- [Work to complete] Although the records contain pictures, none belong in the copy: restate word for word only the lines from the one with "Audi A1 Sportback" through the one with "2014 Mitsubishi Fuso Fighter", both included.

- [Supplied data]
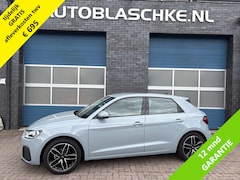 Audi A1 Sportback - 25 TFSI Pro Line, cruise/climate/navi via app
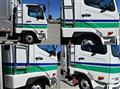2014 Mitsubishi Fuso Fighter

--

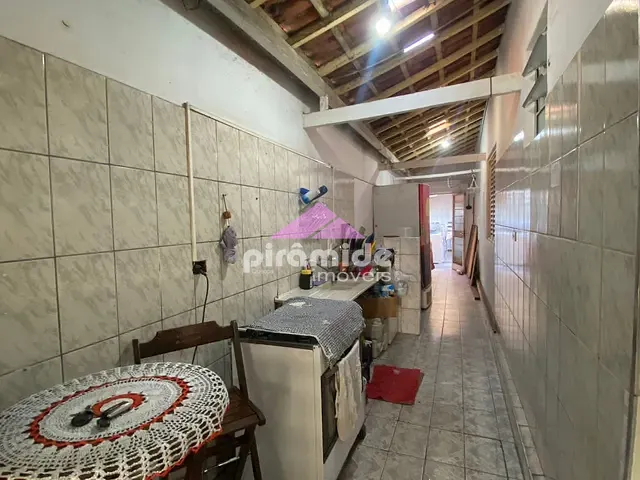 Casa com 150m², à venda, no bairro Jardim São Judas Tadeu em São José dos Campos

- [Your solution]
 Audi A1 Sportback - 25 TFSI Pro Line, cruise/climate/navi via app
2014 Mitsubishi Fuso Fighter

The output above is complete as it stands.